By 2019, researchers at Google Brain (now DeepMind) sought to overcome these constraints by expanding both the scale of training data and the fidelity of their model. Using deep learning and Graph Neural Networks (GNNs), a class of models that interpret molecules as graphs with atoms and bonds represented as nodes and edges, respectively, the study employed a dataset containing more than 5,000 odorants annotated by expert perfumers across over 100 descriptors, from mint and potato to sulfurous and grassy.
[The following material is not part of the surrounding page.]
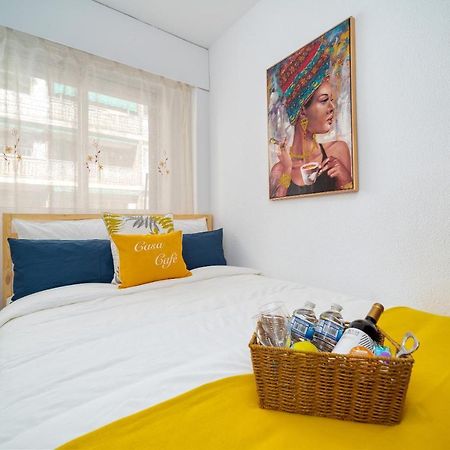 B Casacafe Madrid Pozuelo 2 Bano Fuera De La Habitacion O Compartido Посуело-де-Аларкон Екстер'єр фото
Unlike the earlier DREAM Challenge, which relied on prescribed molecular features, such as atom counts and topological indices, this approach allowed the model to infer structure-odor relationships directly from data. To initiate the training process, each node (representing an atom) was seeded with basic chemical information, including atomic number, valence, hybridization, and formal charge.

Through a recursive process known as “message passing,” the state of each atom was repeatedly updated in response to information relayed by neighboring nodes. Layer by layer, the model built up a progressively bigger picture of a molecule: early layers learned to identify local features like carbonyls, halides, or ring systems, while deeper layers learned to recognize broader chemical motifs such as aromaticity, conjugation (the overlap of p-orbitals), and steric strain (the increase in potential energy of a molecule due to repulsion between electrons in atoms that are not directly bonded to each other).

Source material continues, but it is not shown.